I recently read Ethan Rosenthal's Python Data Science setup, and I loved every line of it. His blog post encapsulates some of the best of the ideas that I wrote about in my Data Science Bootstrap knowledge base. In this blog post, I'd like to share my own data science setup and some new tooling that I've been working on to make it easy to achieve the same goals as I have.

But why all the trouble?

Isn't there a ton of overhead that comes from doing software work? You now suddenly have to manage dependencies, start documenting your functions, add tests... you suddenly can't just store data with code in the repo... I can't just commit the notebook and be done with it?

Let me explain. Data science is no longer solo work, but teamwork.
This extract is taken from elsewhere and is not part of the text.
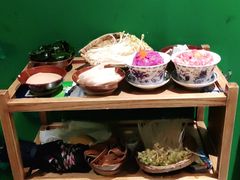 -楠火锅(太古里总店)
The corollary is this: discipline enables better collaborative work.

Have you encountered the following issues?

  • A notebook that works on your colleague's computer trips up on imports?
  • A notebook that ran on your colleague's machine errors out because you were missing a data file?
  • Your PyMC model definition doesn't agree with your colleagues', because you two were independently editing two notebooks that now each contains drifted model code?
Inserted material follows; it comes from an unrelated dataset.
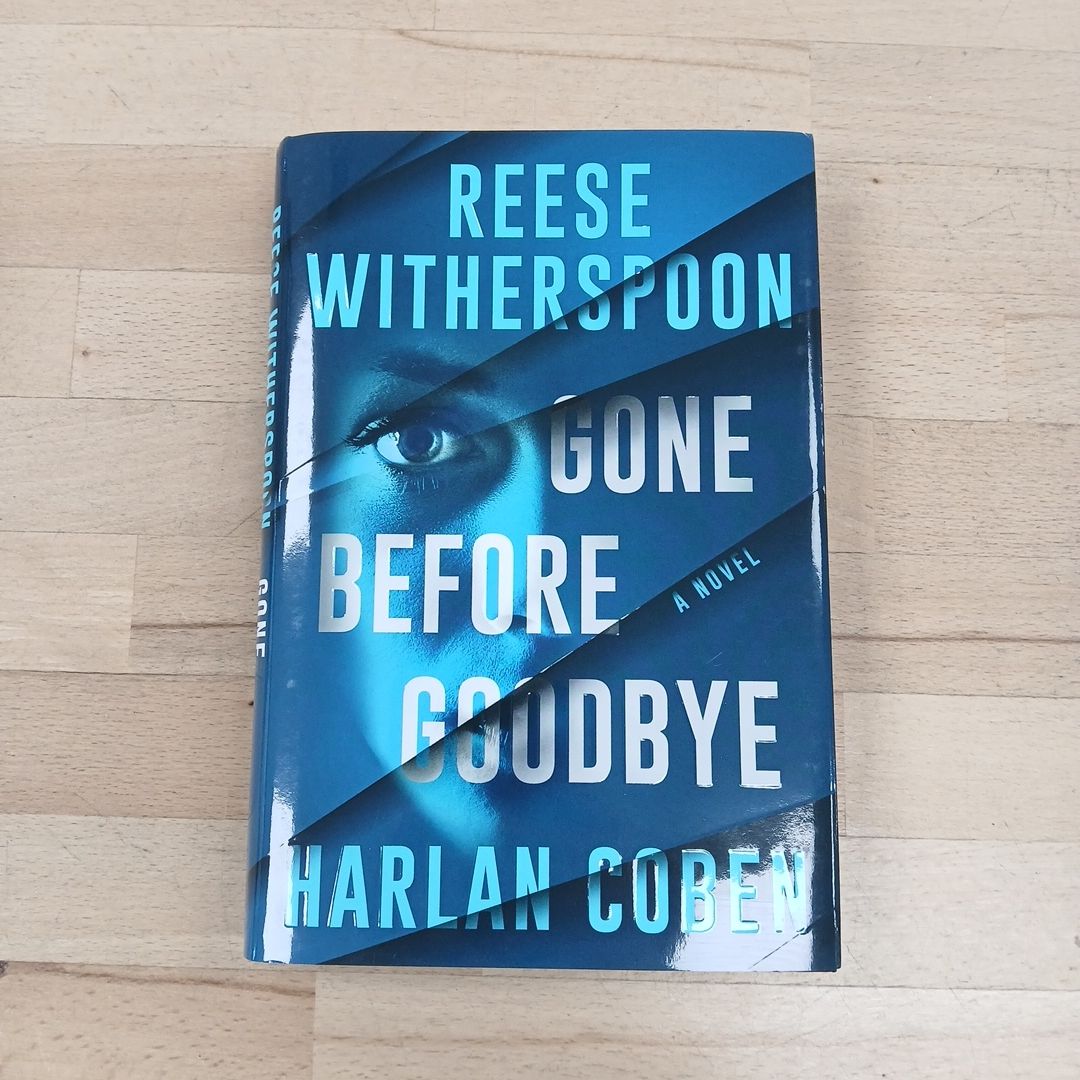 Gone Before Goodbye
These are problems that are solved by thinking more like a software developer and less like a one-off script writer. Let me explain what to optimize for when adopting this mindset.

Optimize for portability

My grad school days taught me the pains of dependency management and dependency isolation, so as soon as I borked my MacBook Air's native Py27 environment, I bought into using conda for environment management. (That's a long, long story I can tell at some other time.) I also had to run code locally and on an HPC machine, and maintaining two separate computation environments means that from the get-go, I had to learn how to maintain portable environments that could work anywhere.

By buying into the conda package manager and the associated environment.yml file early on, it meant I could recreate any project's software environment with a single command conda env update -f environment.yml. (Nowadays I use mamba instead of conda because mamba is faster, but the command is essentially the same.)
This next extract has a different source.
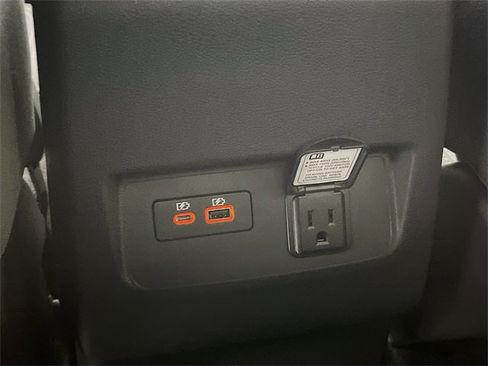 New 2026 Nissan Frontier SV w/ SV Convenience Package image 15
Why conda? On one hand, the ability to install conda into my home directory means it is a tool I can use anywhere, as long as I have privileges to install stuff in my home directory (which, yeah, I figure that should always hold true, right? 🙂). On the other hand, I used to find myself on projects where packages could only be installed with ease from conda - this holds especially true for cheminformatics projects that I have worked on.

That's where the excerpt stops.